Oh, sorry I didn't read the full hints, could you check if
the following patch resolve the issue (space-damaged)?
diff --git a/fs/erofs/data.c b/fs/erofs/data.c
index 6a329c329f43..701490b3ef7d 100644
--- a/fs/erofs/data.c
+++ b/fs/erofs/data.c
@@ -245,6 +245,7 @@ void erofs_onlinefolio_end(struct folio *folio, int
err)
if (v & ~EROFS_ONLINEFOLIO_EIO)
return;
folio->private = 0;
+ flush_dcache_folio(folio);
folio_end_read(folio, !(v & EROFS_ONLINEFOLIO_EIO));
}
Yeah, indeed that seem to have helped with the minimal test. Will do the
full scenario test (complete rootfs) next.

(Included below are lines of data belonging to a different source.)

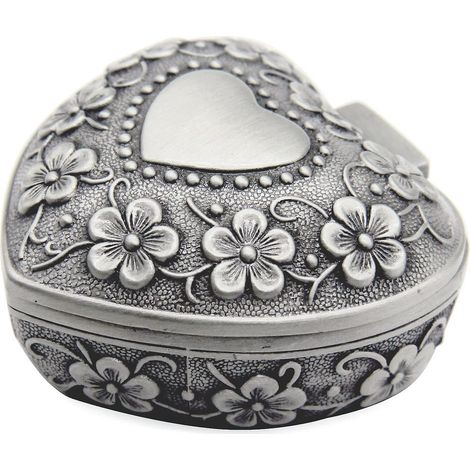 Klassische Vintage-Schmuckschatulle in Herzform zur Aufbewahrung von Ringen, kleinem Schmuck und anderen kleinen Gegenständen aus Silber. (1/5)
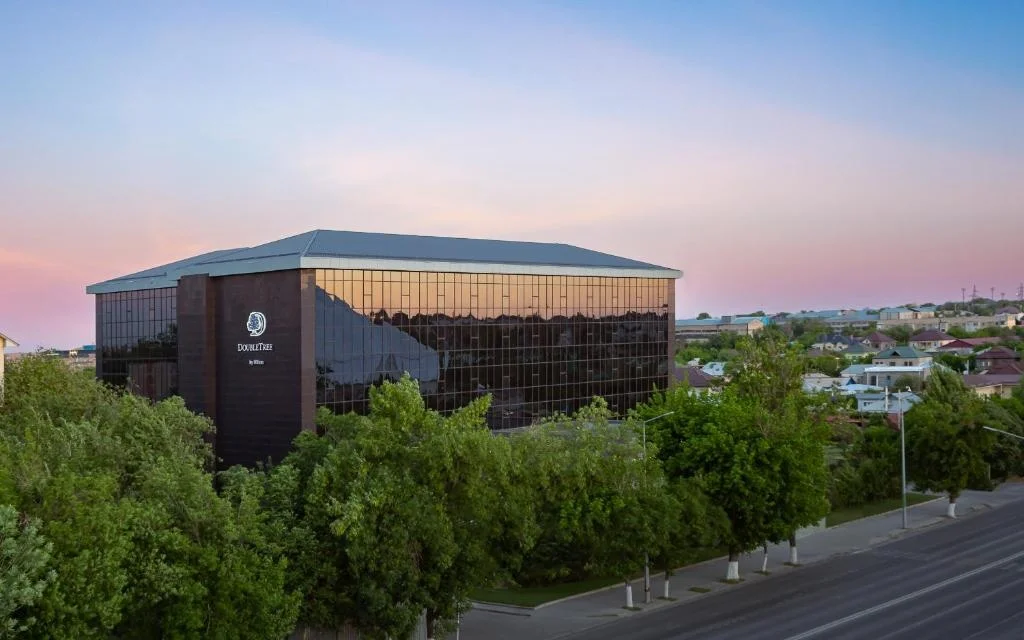 Здание DoubleTree by Hilton Shymkent на закате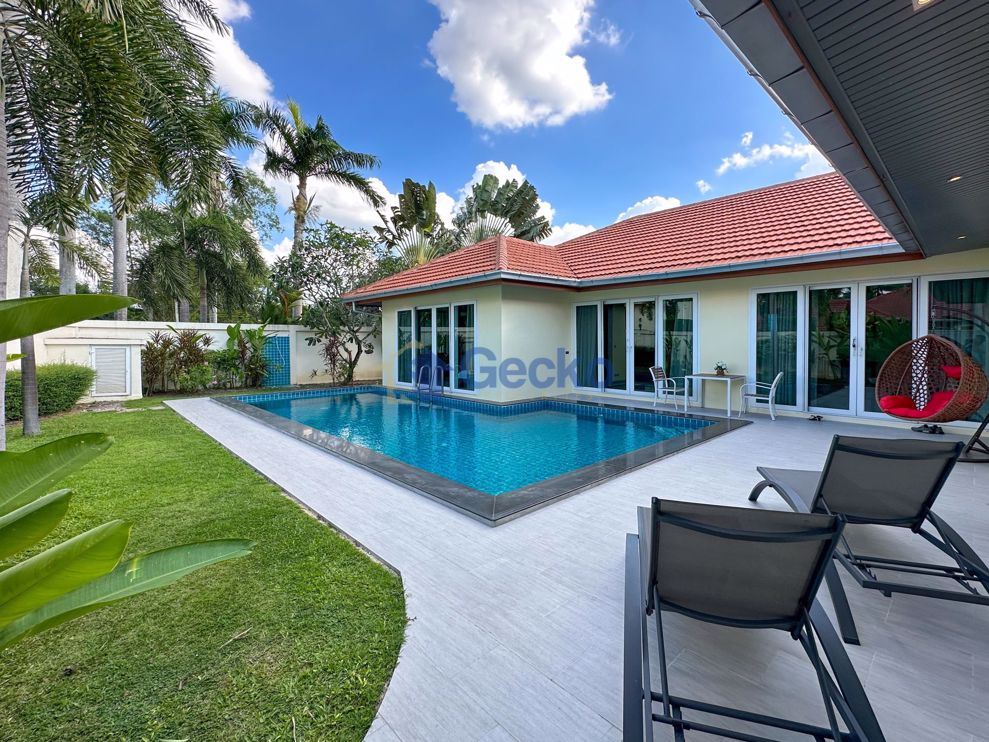 4 Bedrooms House in Whispering Palms  East Pattaya H011269 (Cover Photo)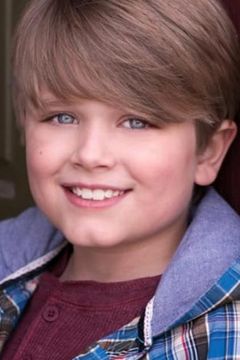 Presley Cole Carlson interpreta Young Dauntless Boy (uncredited)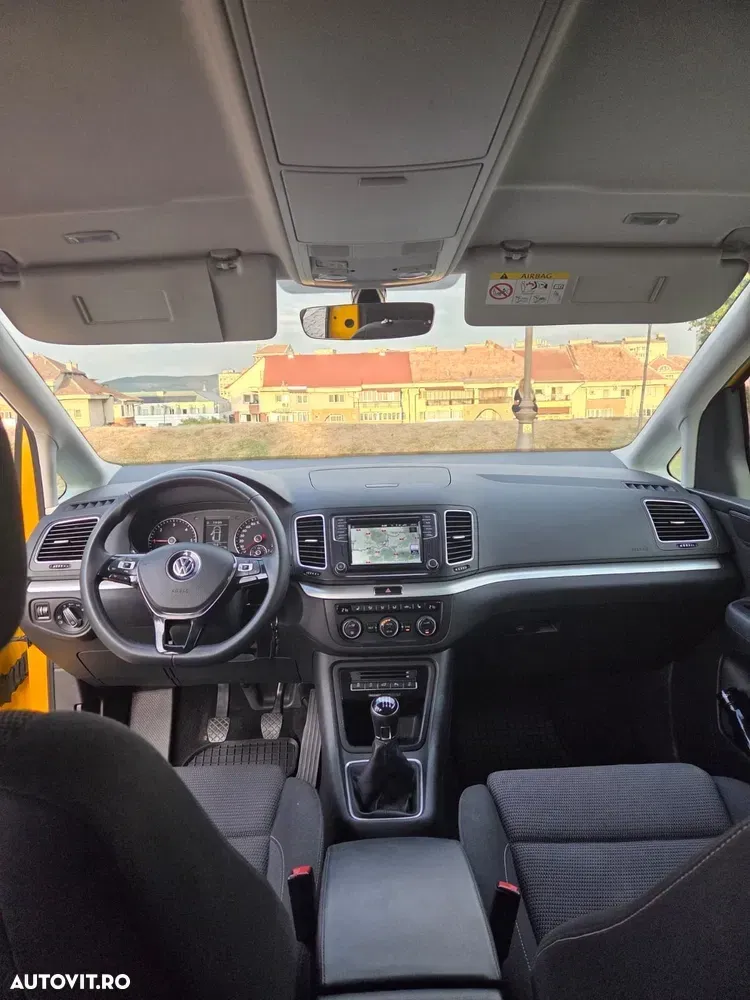 Volkswagen Sharan 2.0 TDI BlueMotion Technology Highline — imagine 3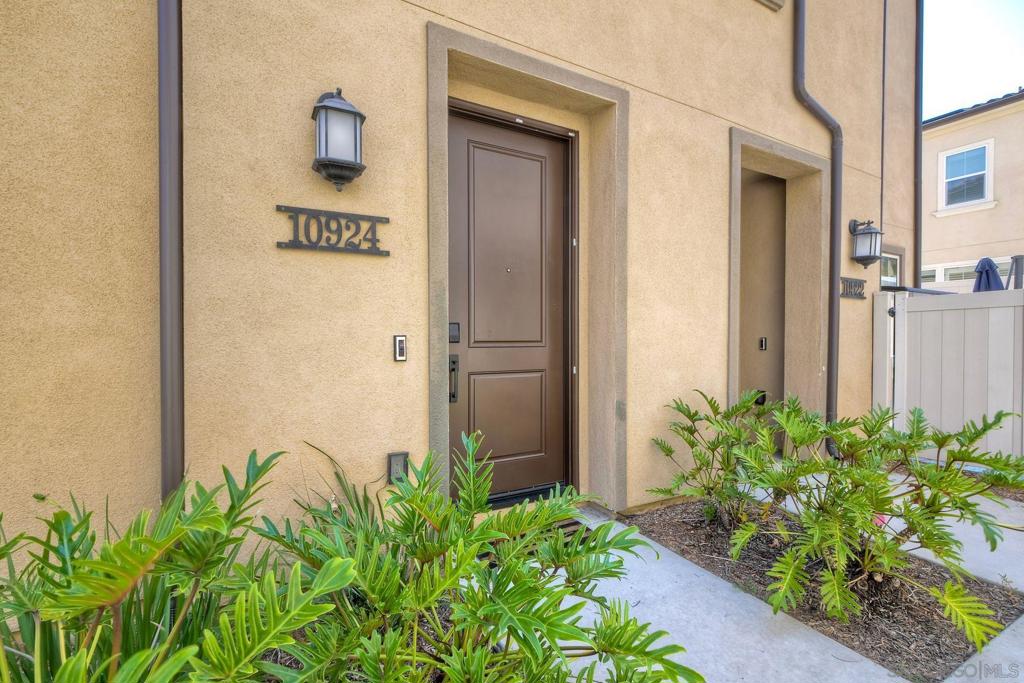 10924 Jericho Way Property Photo 5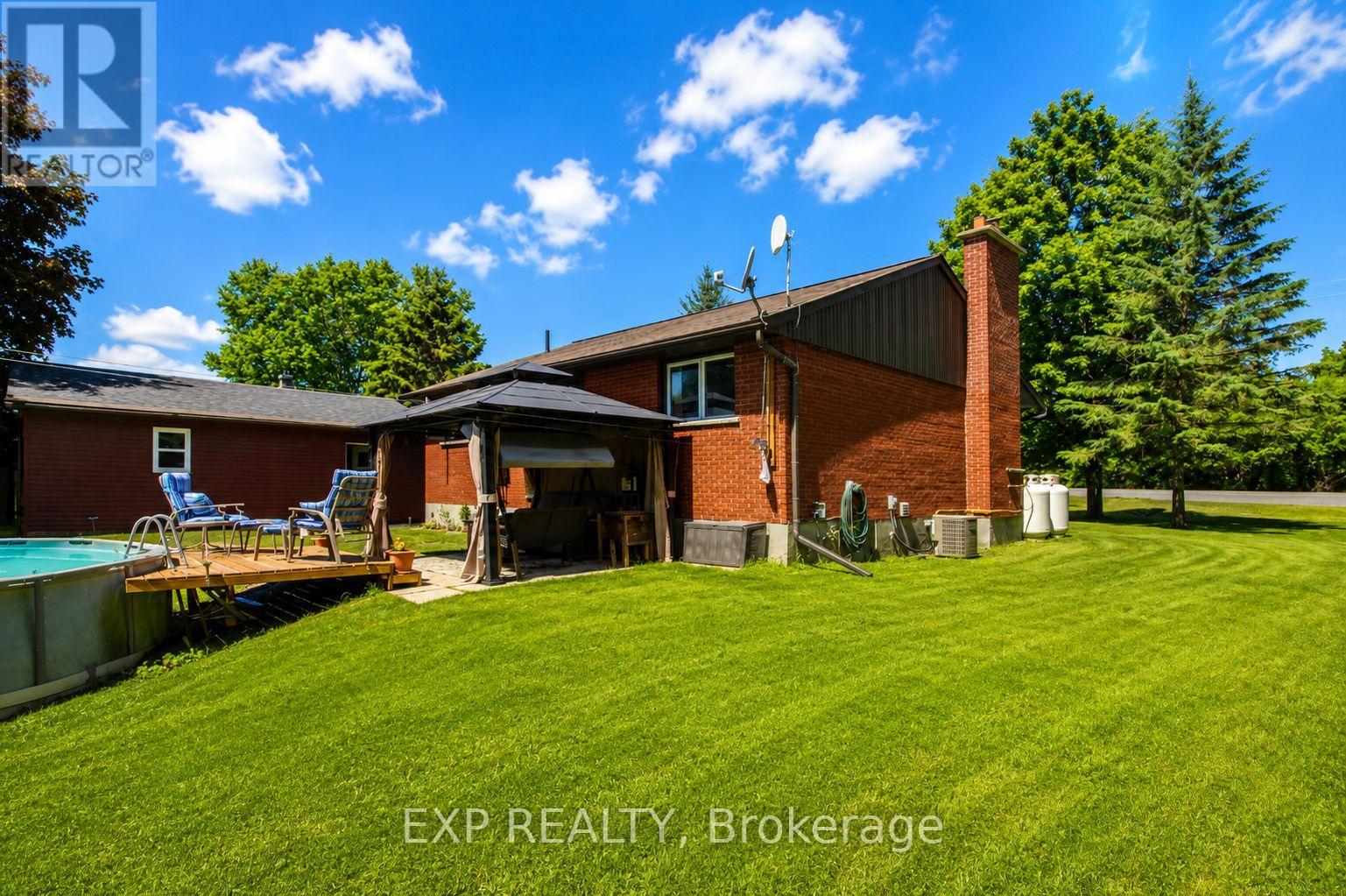 4614 Donnelly Drive, Ottawa, Ontario  K0G 1N0 - Photo 4 - X13429316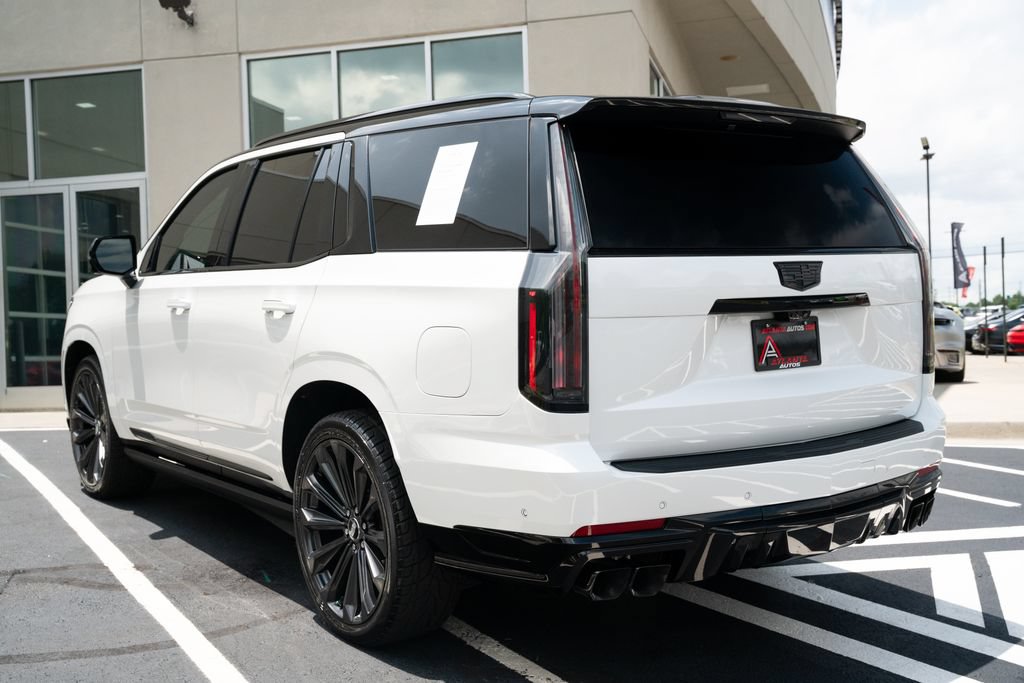 Used 2025 Cadillac Escalade V AWD/4WD image 15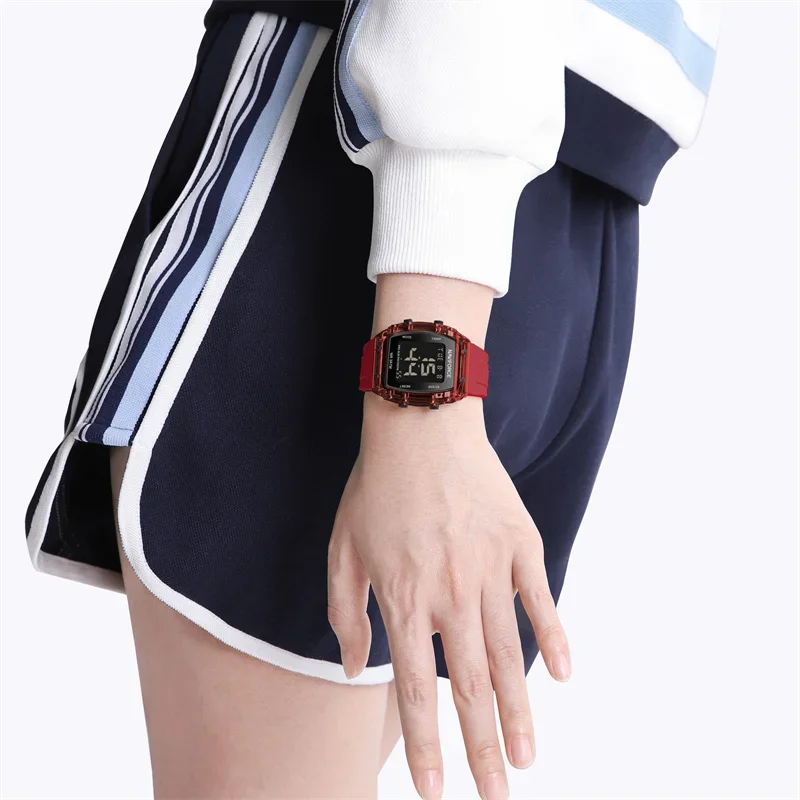 NAVIFORCE Fashion Watches for Women Waterproof Electronic Square Wristwatch Sports Digital LCD Luminous Clocks Relogio Feminino
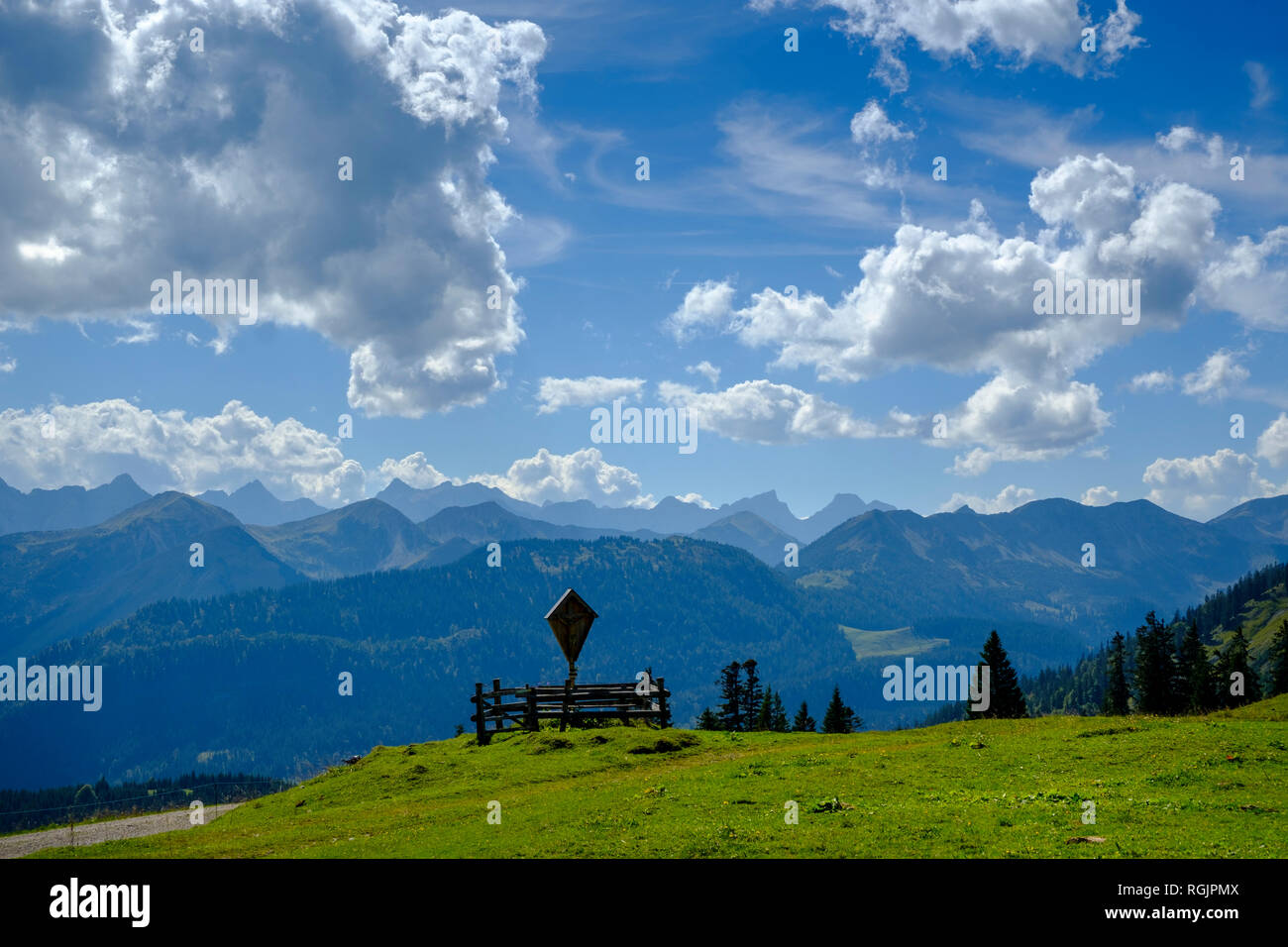 Austria, Tirolo, Juifen, Rotwand pascoli di montagna, vertice di croce Foto Stock
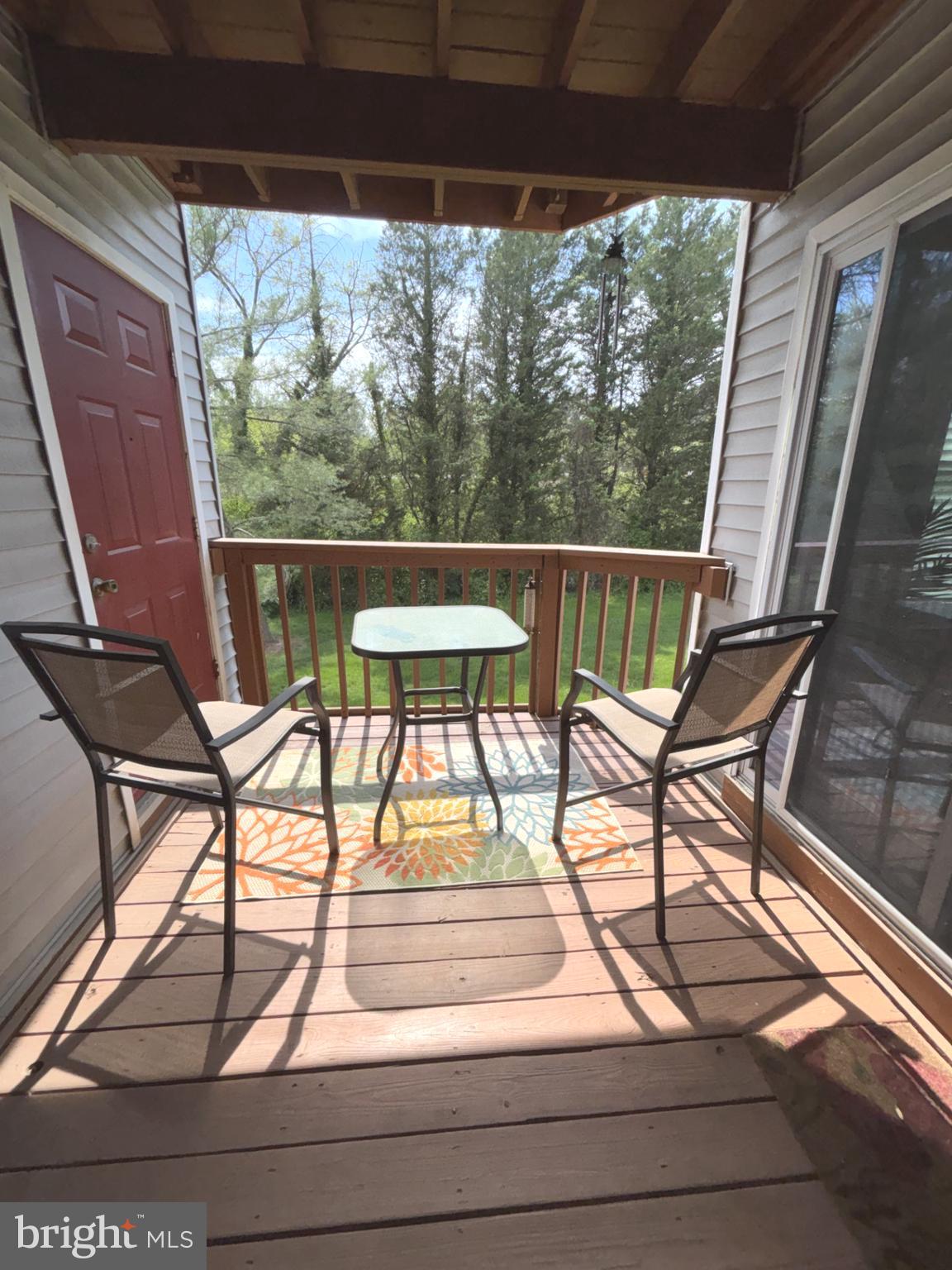 RIVERCHASE - Residential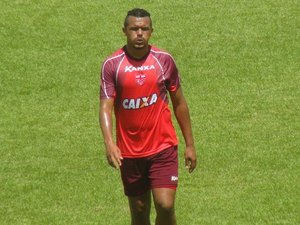 Vetado pelo DM, atacante Zé Carlos está fora das próximas partidas do CRB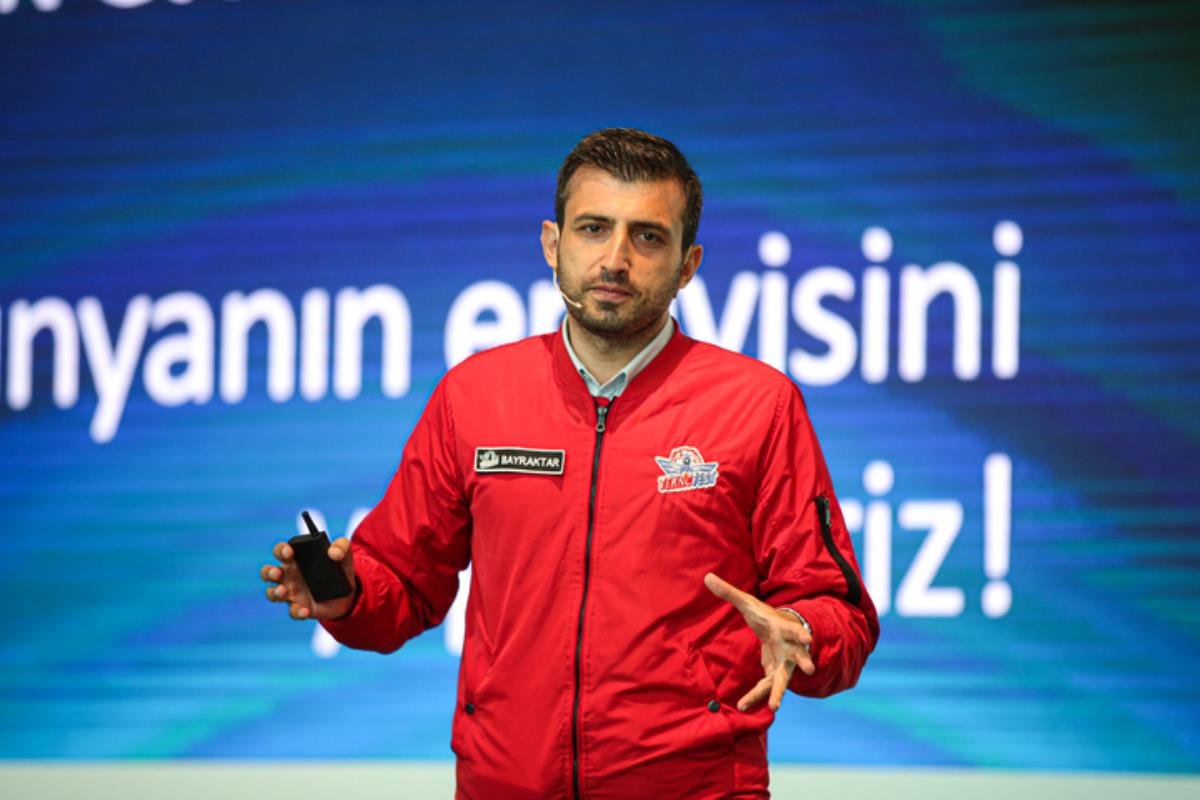 Selçuk Bayraktar’dan Türkiye’nin uçan arabası Cezeri ile ilgili dikkat çeken bildiri: Herkesi çarçabuk pilot yapacak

And that looks good as! Thanks a lot for that quick fix - hoping that is
the real solution already.
BTW, that change does not look very specific to the armhf arch, rather
like we were lucky that it didn't hit elsewhere, right?
I may submit a formal patch tomorrow.
This issue doesn't impact x86 and arm64. For example on arm64,
PG_dcache_clean is clear when it's a new page cache folio.
But it seems on arm platform flush_dcache_folio() does more
to handle D-cache aliasing so some caching setup may be
impacted.
Thanks,
Gao Xiang
Jan